Information provided ▸
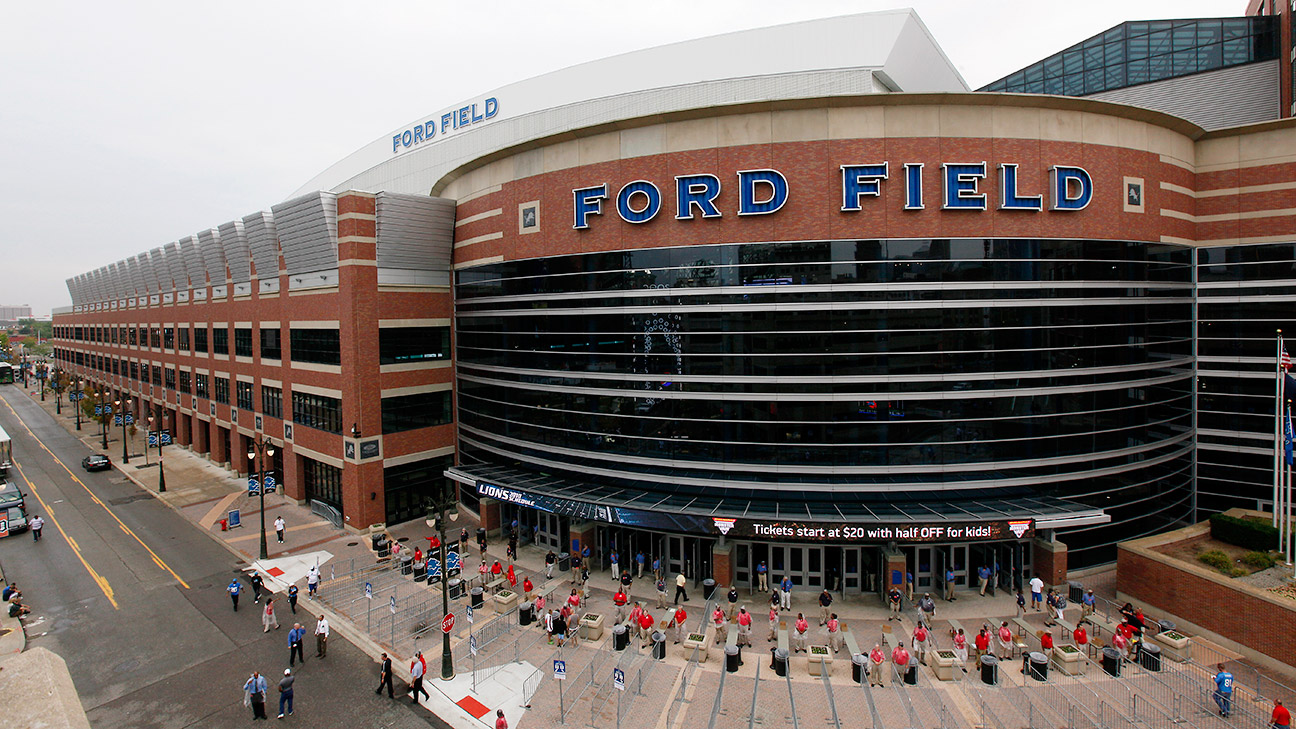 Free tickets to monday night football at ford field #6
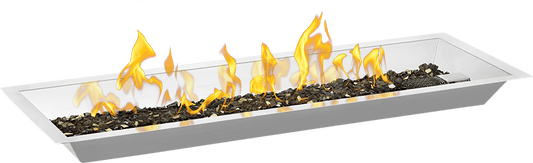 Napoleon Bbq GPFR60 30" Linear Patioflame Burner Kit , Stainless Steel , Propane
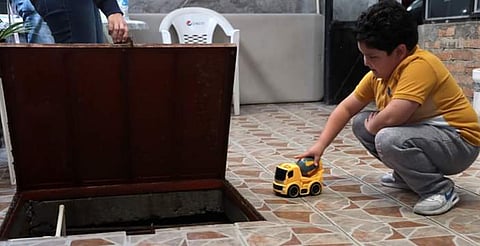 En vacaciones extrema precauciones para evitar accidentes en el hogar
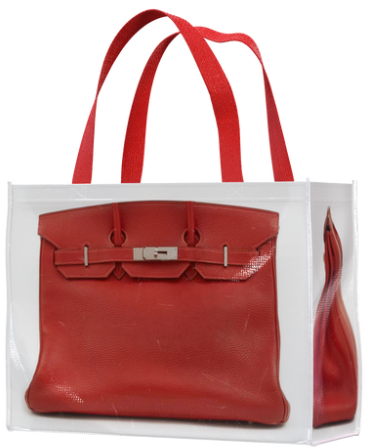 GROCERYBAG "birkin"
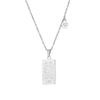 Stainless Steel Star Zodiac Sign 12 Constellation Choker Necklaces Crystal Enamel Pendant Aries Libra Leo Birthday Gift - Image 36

The task ▸
Please reproduce the whole listing exactly; the pictures stay out.

Exercise answer ▸
 Free tickets to monday night football at ford field #6
 Napoleon Bbq GPFR60 30" Linear Patioflame Burner Kit , Stainless Steel , Propane
 En vacaciones extrema precauciones para evitar accidentes en el hogar
 GROCERYBAG "birkin"
 Stainless Steel Star Zodiac Sign 12 Constellation Choker Necklaces Crystal Enamel Pendant Aries Libra Leo Birthday Gift - Image 36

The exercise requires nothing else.